Kleine Geschichten des Miteinanders

Mit Feuer vom Himmel kämpft der biblische Prophet Elijah gegen seine Widersacher, kämpft für die Armen, die Schwachen, die Bedürftigen. Mit demselben inneren Feuer setzen sich Georg Sporschill und Ruth Zenkert seit vielen Jahren für Roma-Familien in Rumänien ein. Durch ihr Sozialprojekt "ELIJAH" wollen sie Menschen am Rande des Existenzminimums eine bessere Zukunft ermöglichen.

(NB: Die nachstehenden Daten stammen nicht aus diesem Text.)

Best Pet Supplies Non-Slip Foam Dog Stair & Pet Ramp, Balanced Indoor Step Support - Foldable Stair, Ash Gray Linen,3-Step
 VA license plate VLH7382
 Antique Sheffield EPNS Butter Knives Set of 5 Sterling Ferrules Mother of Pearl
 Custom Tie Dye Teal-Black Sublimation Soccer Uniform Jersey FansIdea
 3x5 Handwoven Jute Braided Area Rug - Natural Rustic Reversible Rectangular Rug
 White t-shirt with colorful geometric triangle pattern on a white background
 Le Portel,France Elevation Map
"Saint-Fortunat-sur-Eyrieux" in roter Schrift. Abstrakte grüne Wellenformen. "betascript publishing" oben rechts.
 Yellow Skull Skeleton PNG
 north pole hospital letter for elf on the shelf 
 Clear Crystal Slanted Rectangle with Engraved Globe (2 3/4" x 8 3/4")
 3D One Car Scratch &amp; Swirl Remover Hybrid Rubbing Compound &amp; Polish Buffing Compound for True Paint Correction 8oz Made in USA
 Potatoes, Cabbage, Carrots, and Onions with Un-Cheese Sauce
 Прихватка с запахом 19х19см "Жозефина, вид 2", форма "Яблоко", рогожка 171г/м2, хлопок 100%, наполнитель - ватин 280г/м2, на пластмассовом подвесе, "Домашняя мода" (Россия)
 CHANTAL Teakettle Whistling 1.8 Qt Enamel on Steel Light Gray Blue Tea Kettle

Einmal pro Woche schreiben sie die "Bimails", kurze Geschichten, die von ihrer täglichen Arbeit erzählen: von begeisterten Kindern im Musikunterricht, von Jugendlichen, die Verantwortung für ihre Familien übernehmen, vom Glück, wenn Schützlinge und Mitarbeiter von Fremden zu Freunden werden, aber auch von Konflikten und Rückschlägen, die unvermeidlich sind, wo immer Menschen zusammenleben.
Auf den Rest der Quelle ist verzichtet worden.